■ Problem to work on ■
Give back the full listing exactly, setting the pictures aside.

■ Supplied records ■

────────────────

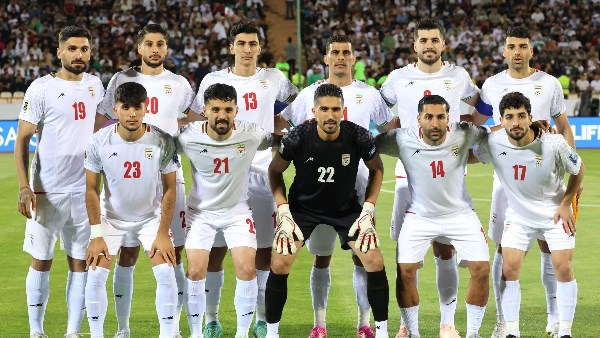 “إهانة المطار” تهدد المشاركة.. رئيس اتحاد الكرة الإيراني يضع شروطاً صارمة أمام “فيفا” لخوض مونديال 2026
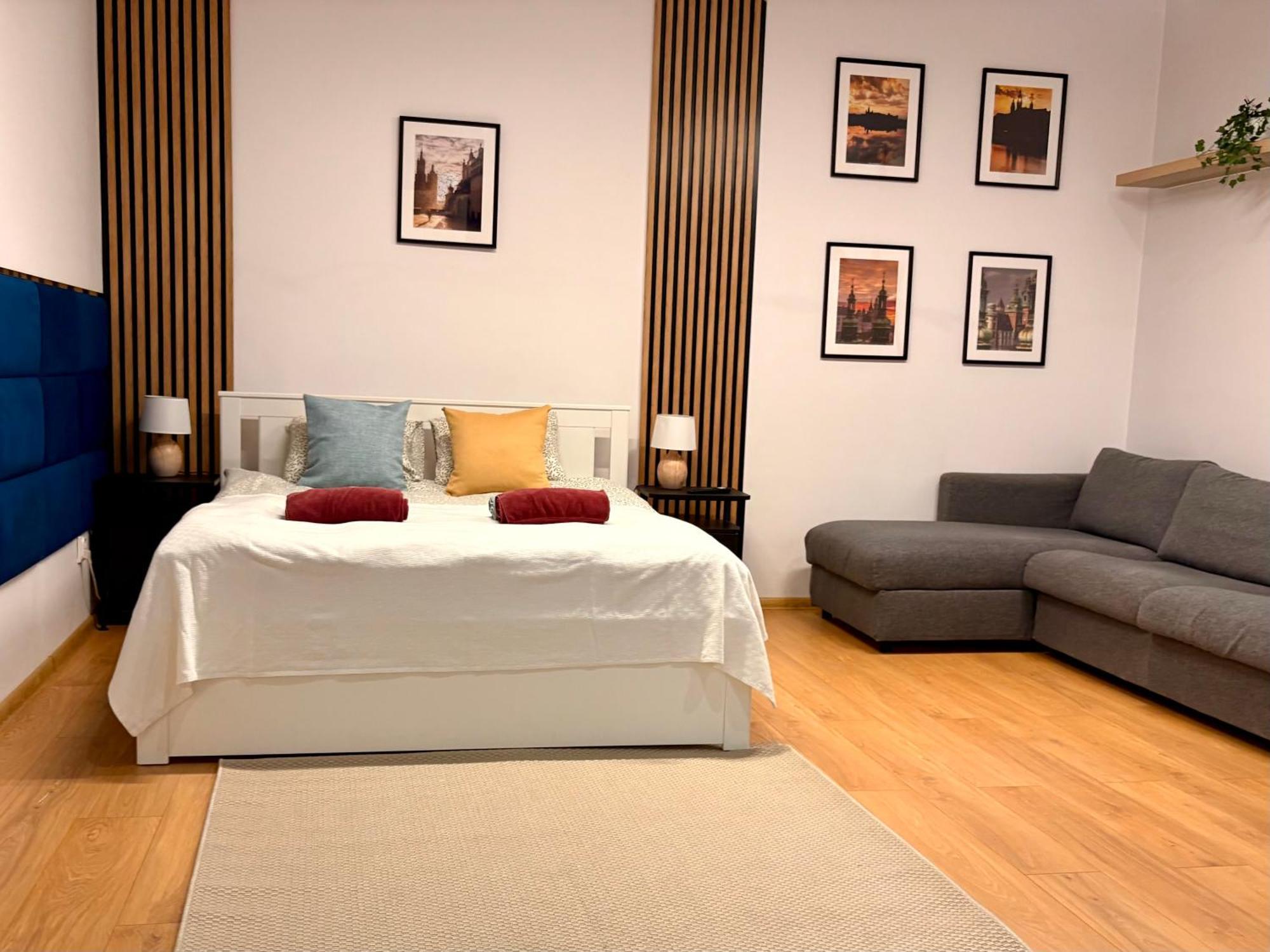 Roller Apartahotel Cracovia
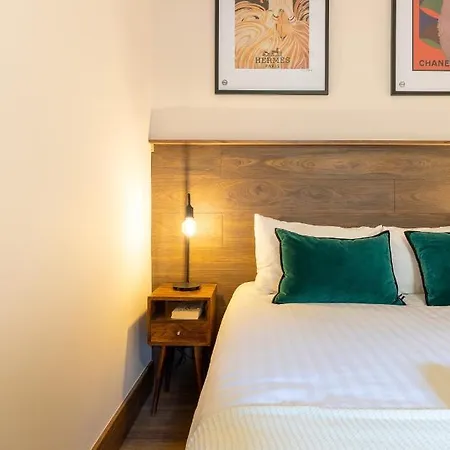 Διαμέρισμα Dreamy Dean Village Boutique 1 Bedroom Sleeps 2 *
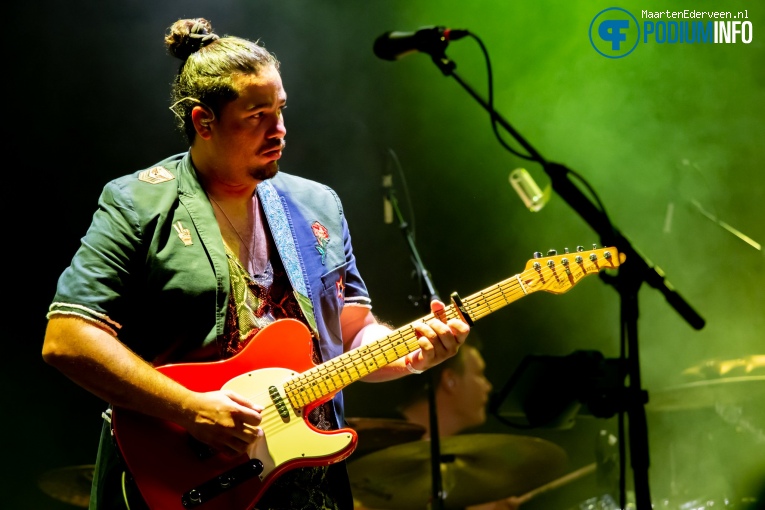 Men At Work op Men At Work - 23/06 - Q-Factory foto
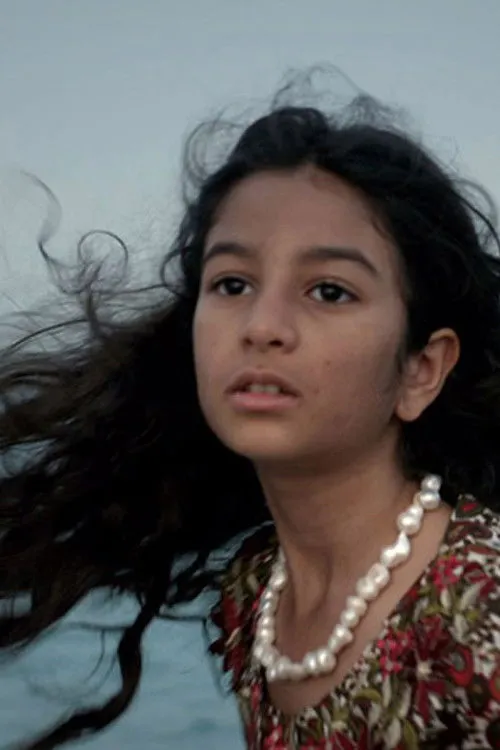 Basima Hajjar interpreta a Hanan en Houreya wa ain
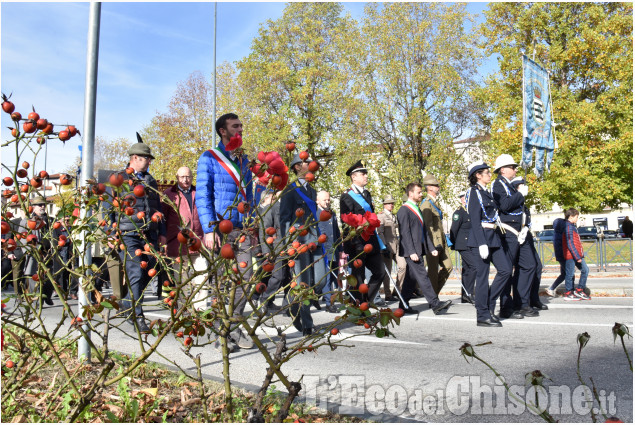 Pinerolo : 4 Novembre: Giornata dell'Unità Nazionale e delle Forze Armate sfilano in corteo 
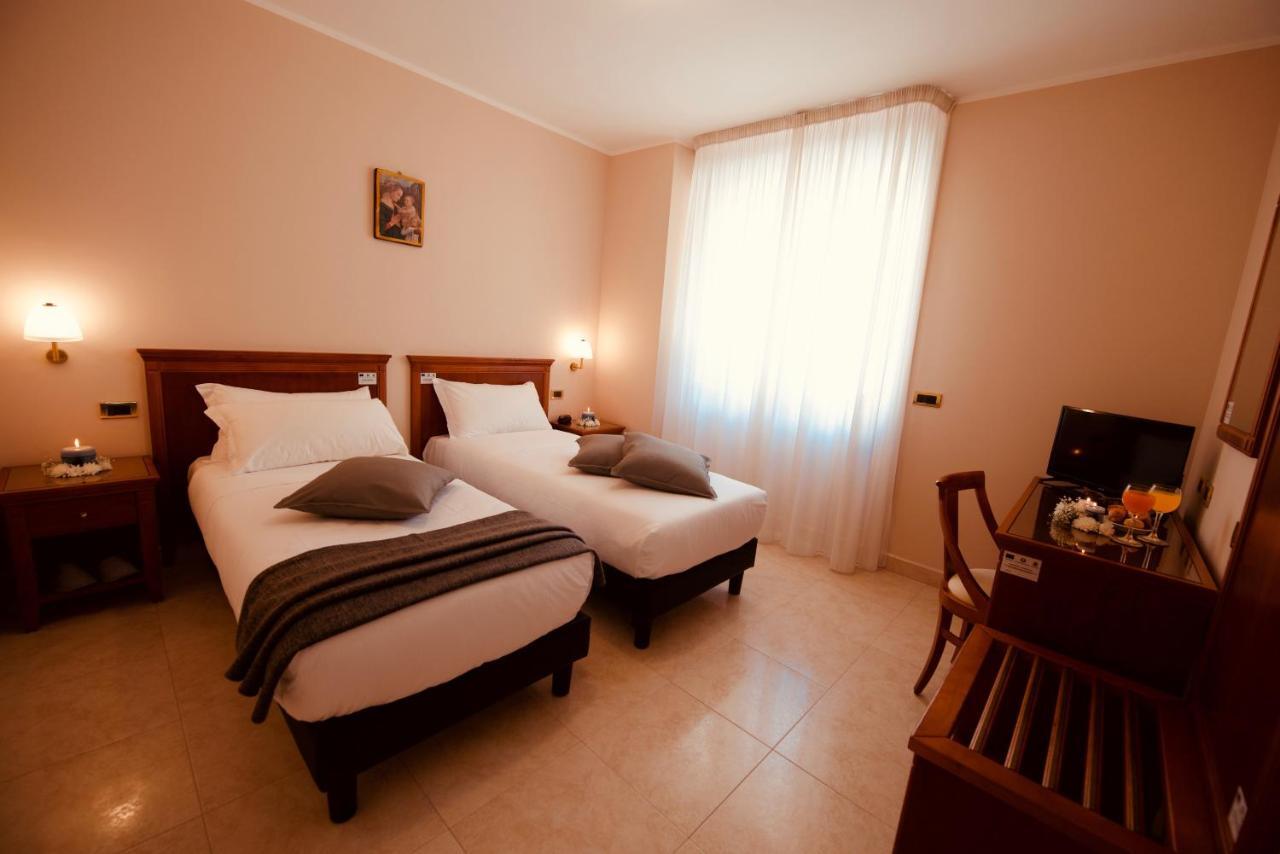 Hotel San Pio San Giovanni Rotondo Exterior photo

────────────────

■ Output below ■
 “إهانة المطار” تهدد المشاركة.. رئيس اتحاد الكرة الإيراني يضع شروطاً صارمة أمام “فيفا” لخوض مونديال 2026
 Roller Apartahotel Cracovia
 Διαμέρισμα Dreamy Dean Village Boutique 1 Bedroom Sleeps 2 *
 Men At Work op Men At Work - 23/06 - Q-Factory foto
 Basima Hajjar interpreta a Hanan en Houreya wa ain
 Pinerolo : 4 Novembre: Giornata dell'Unità Nazionale e delle Forze Armate sfilano in corteo 
 Hotel San Pio San Giovanni Rotondo Exterior photo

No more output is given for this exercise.